** Work item **
Repeat nothing but the lines below running from the one containing "Vista previa de la demo: Reservas y turnos" to the one containing "Thermal Sticker Paper, 50mmx3.". Keep both end lines.

** Supplied data **
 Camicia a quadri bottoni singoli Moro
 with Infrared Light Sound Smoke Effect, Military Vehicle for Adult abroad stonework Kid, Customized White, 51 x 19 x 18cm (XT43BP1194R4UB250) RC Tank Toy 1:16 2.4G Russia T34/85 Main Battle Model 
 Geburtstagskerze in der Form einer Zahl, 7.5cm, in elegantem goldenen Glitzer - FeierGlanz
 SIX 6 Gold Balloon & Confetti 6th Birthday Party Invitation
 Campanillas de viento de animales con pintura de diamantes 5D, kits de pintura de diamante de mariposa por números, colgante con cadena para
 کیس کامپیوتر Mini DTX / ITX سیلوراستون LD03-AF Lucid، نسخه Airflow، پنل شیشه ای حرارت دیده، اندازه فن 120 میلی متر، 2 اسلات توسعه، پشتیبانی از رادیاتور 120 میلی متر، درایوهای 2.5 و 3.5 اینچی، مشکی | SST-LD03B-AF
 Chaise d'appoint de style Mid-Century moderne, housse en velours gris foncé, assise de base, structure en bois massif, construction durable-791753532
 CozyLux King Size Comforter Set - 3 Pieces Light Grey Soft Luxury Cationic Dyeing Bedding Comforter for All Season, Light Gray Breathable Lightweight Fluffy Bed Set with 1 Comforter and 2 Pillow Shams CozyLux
...
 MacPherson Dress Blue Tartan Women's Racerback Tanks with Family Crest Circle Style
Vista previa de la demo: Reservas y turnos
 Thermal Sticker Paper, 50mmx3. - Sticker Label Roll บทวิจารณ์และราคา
* * *
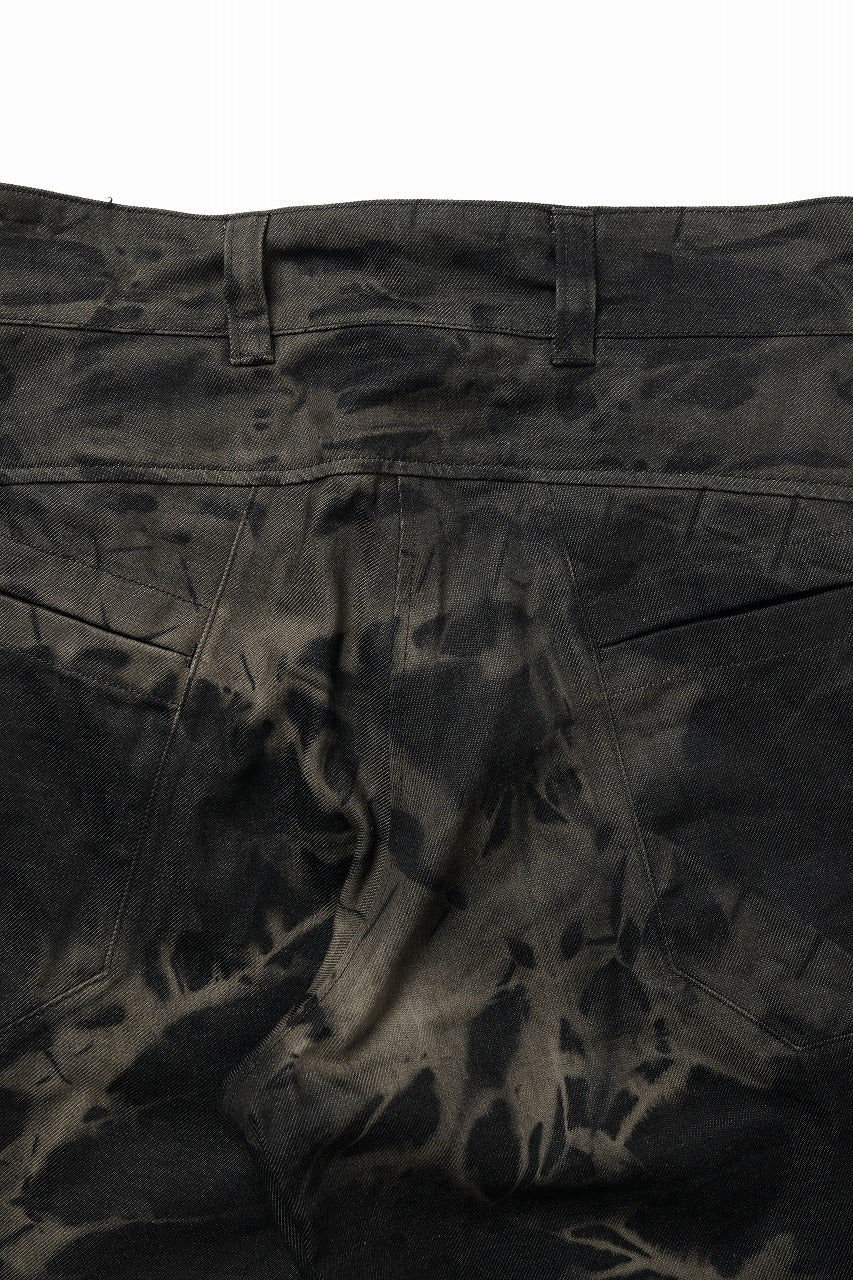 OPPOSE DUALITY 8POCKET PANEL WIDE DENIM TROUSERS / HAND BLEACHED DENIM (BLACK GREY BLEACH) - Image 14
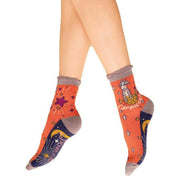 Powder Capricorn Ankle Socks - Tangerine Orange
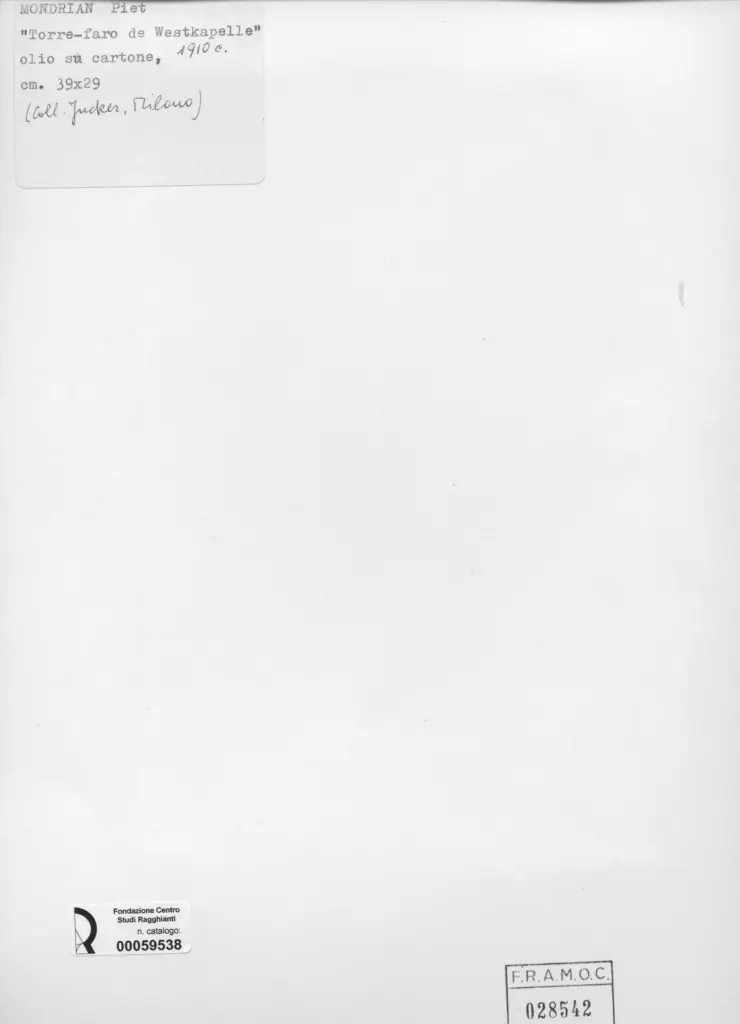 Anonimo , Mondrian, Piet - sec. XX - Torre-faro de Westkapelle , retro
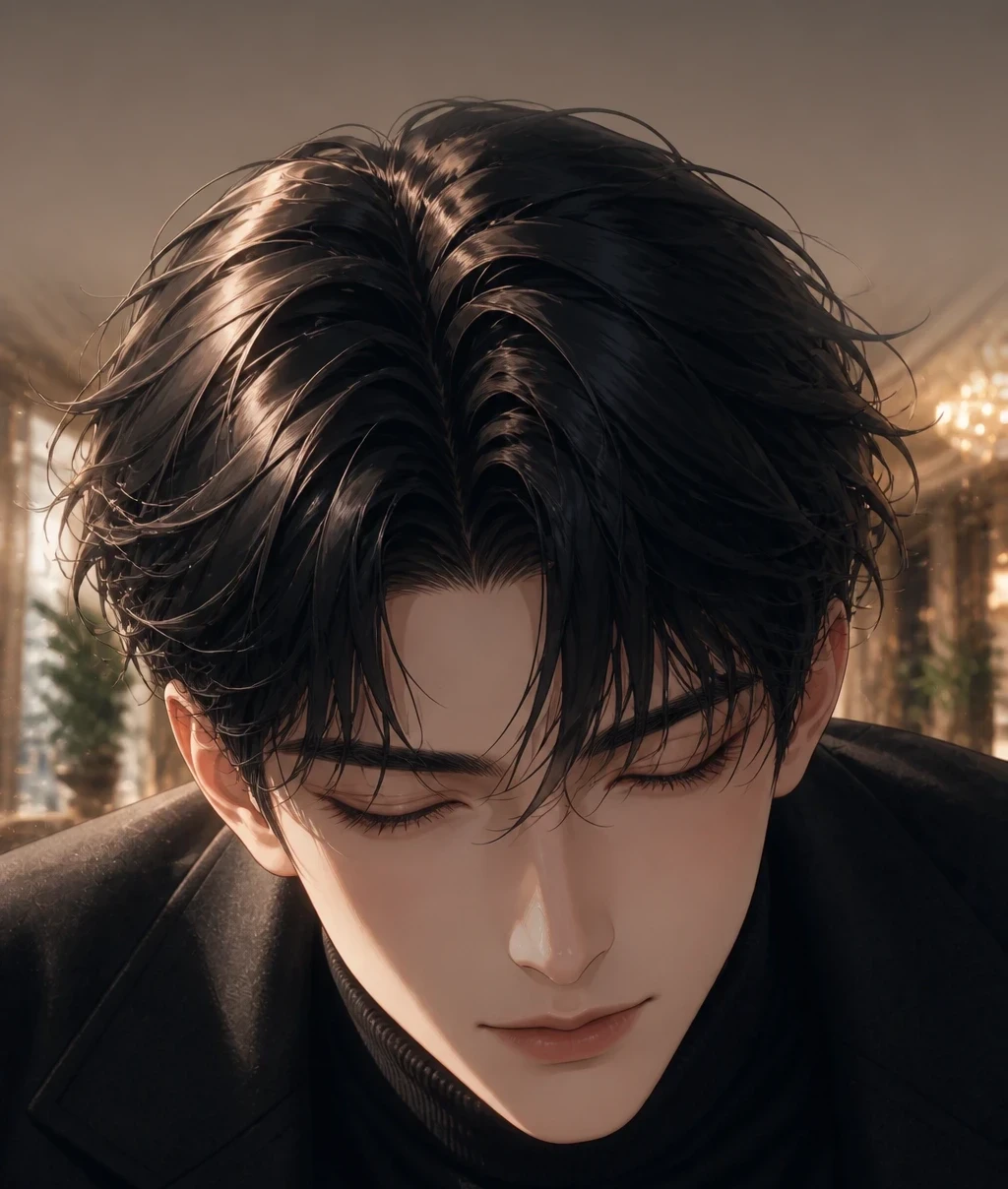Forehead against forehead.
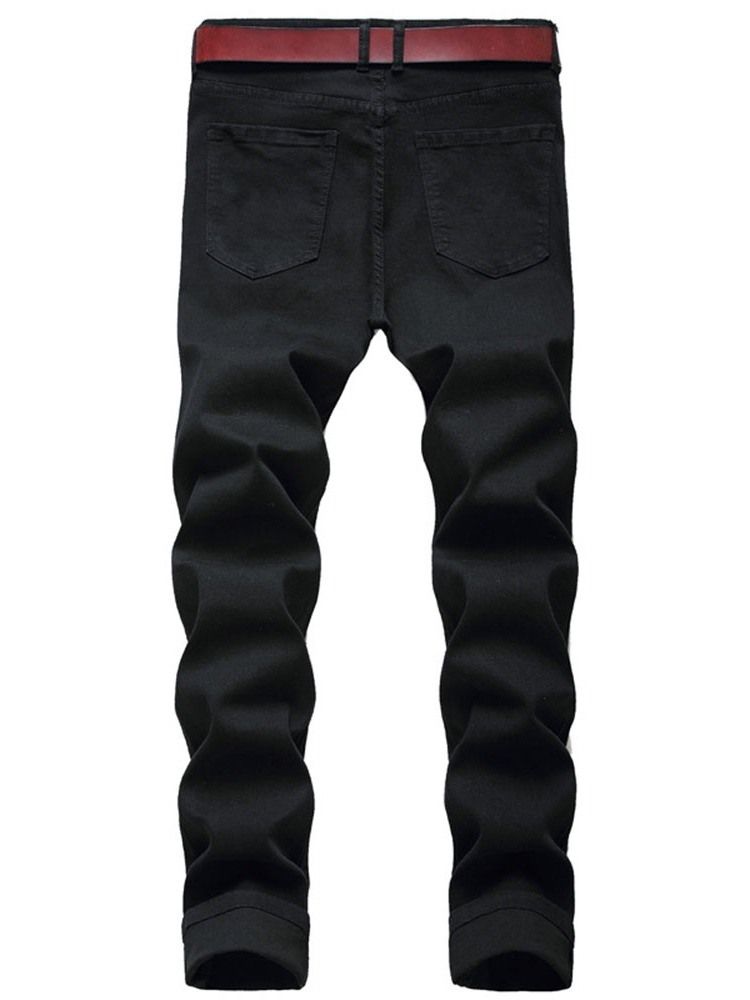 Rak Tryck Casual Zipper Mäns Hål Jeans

** Solution below **
Vista previa de la demo: Reservas y turnos
 Thermal Sticker Paper, 50mmx3. - Sticker Label Roll บทวิจารณ์และราคา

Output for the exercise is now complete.